At a memorial service in a Chicago church, the buoyant man known as “Mr. Cub” was remembered for his character as much as his accomplishments on the ballfield, including his 512 career home runs. Speaker after speaker recalled Banks’ unflagging spirit and good cheer — he enthusiastically predicted each spring that his team would win the pennant — as well as his humility and care for others.
The Rev. Jesse Jackson said Banks “disarmed adversaries with optimism” and “branded goodwill.” Mayor Rahm Emanuel said Banks was a “humble hero” who taught younger generations “how to play the game of life.” Fellow Hall of Famer Fergie Jenkins said the unassuming, joyful Banks strove to be a good teammate, not a star.

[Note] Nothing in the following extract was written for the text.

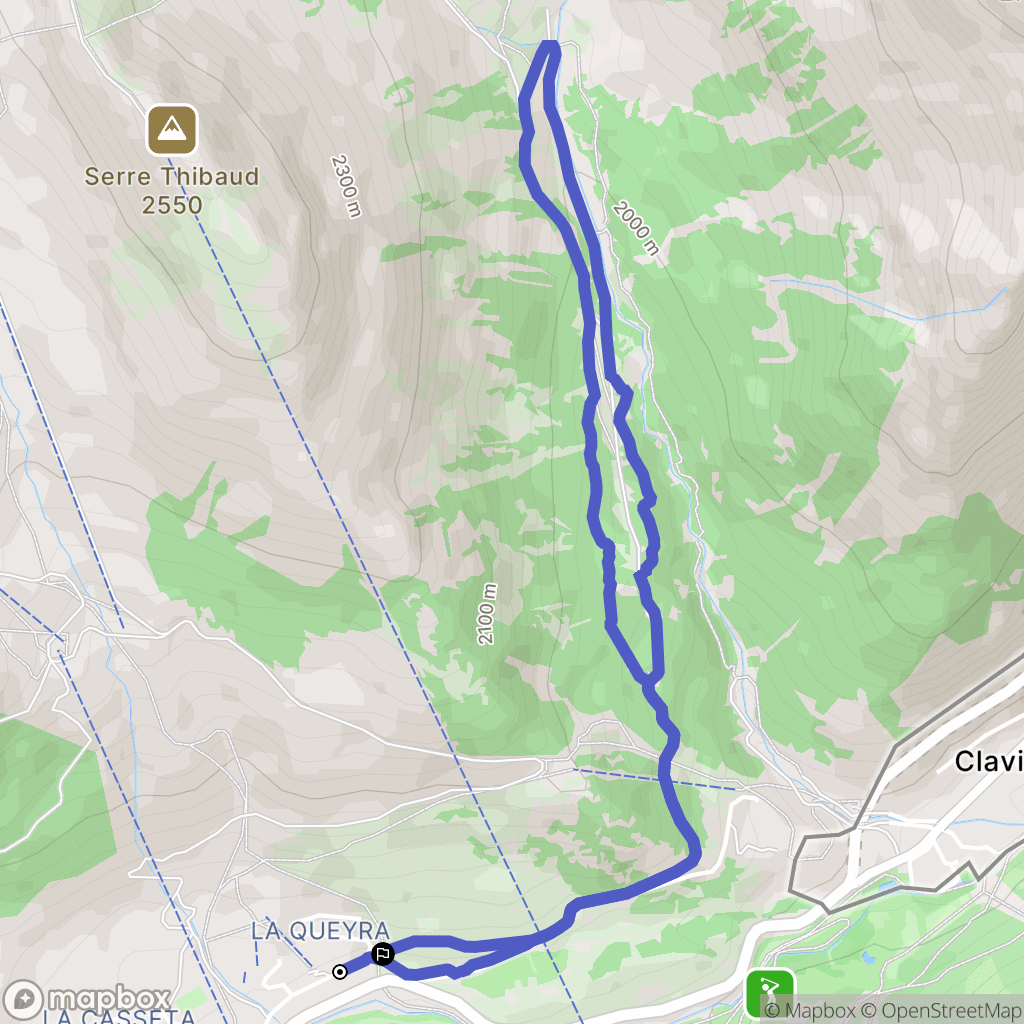 Montgenèvre : carte du parcours de randonnée - France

Billy Williams, another Hall of Famer, recalled animated conversations that he and Banks would have while driving to Wrigley Field on game days.

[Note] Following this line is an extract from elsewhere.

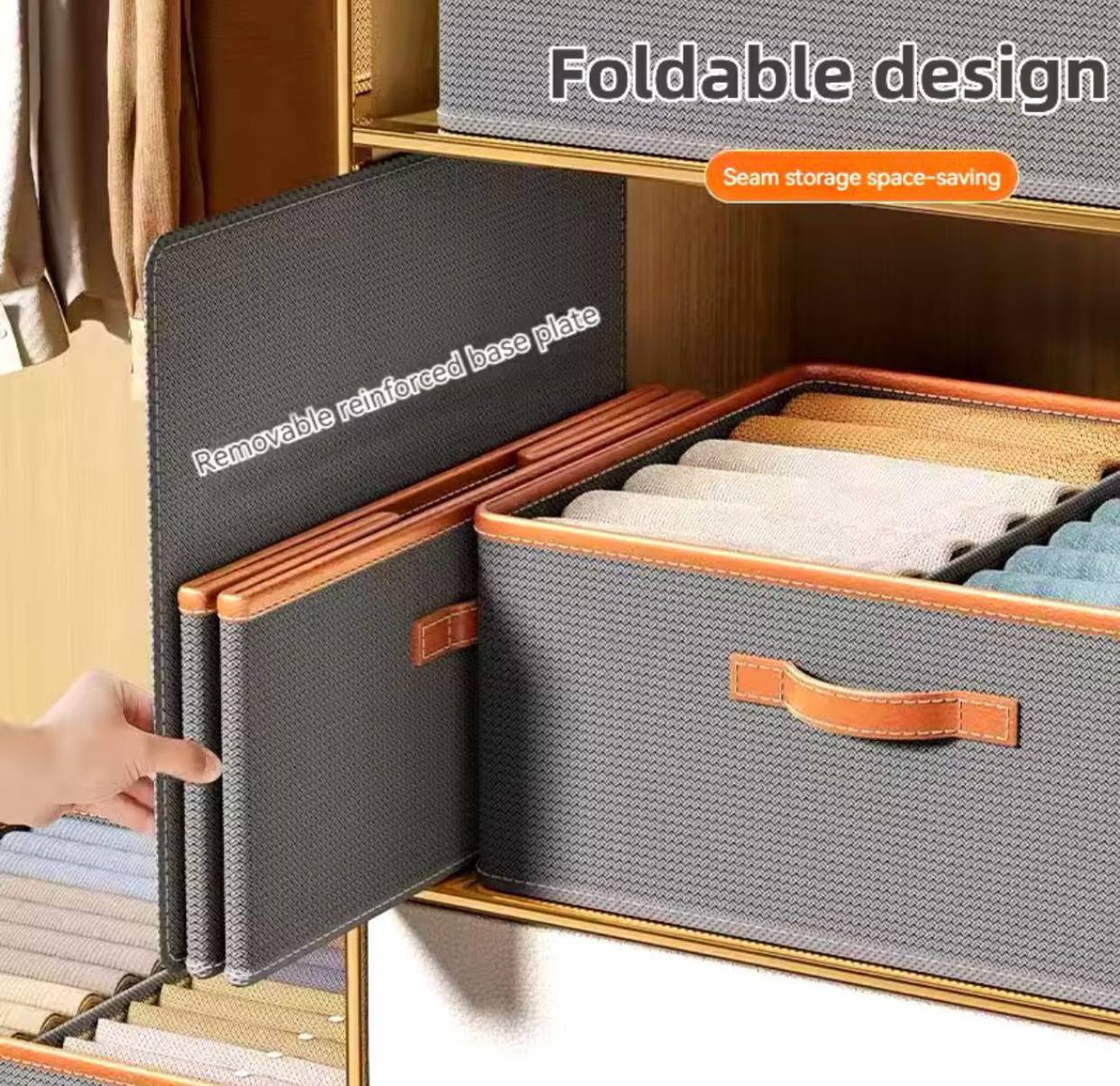 Versatile Foldable double compartment closet organizer with a divider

“I never did see him read a book, but he knew about everything,” Williams marveled.
Saturday would have been Banks’ 84th birthday, and several speakers called on the crowd to celebrate his life, not mourn his passing. Banks, a two-time MVP, military veteran and winner of the Presidential Medal of Freedom, died Jan. 23 of a heart attack. His coffin, which was in front of the altar, was draped in a banner emblazoned with his jersey number, 14. A choir performed a rousing version of “This Little Light of Mine.”
Jackson, exhorting everyone to stand, led a thunderous round of applause to celebrate Banks’ birthday. In the hush that followed, the civil rights leader noted it was also the 150th anniversary of Congress passing the 13th amendment abolishing slavery.
“Smiling faces can sometimes conceal what’s deep within,” Jackson said, describing Banks’ cheerfulness as a thermostat that “helped control the temperature” of his times. The work of Rosa Parks and Martin Luther King Jr. was possible because of Banks, Jackson said. “We rode on Ernie’s shoulders.”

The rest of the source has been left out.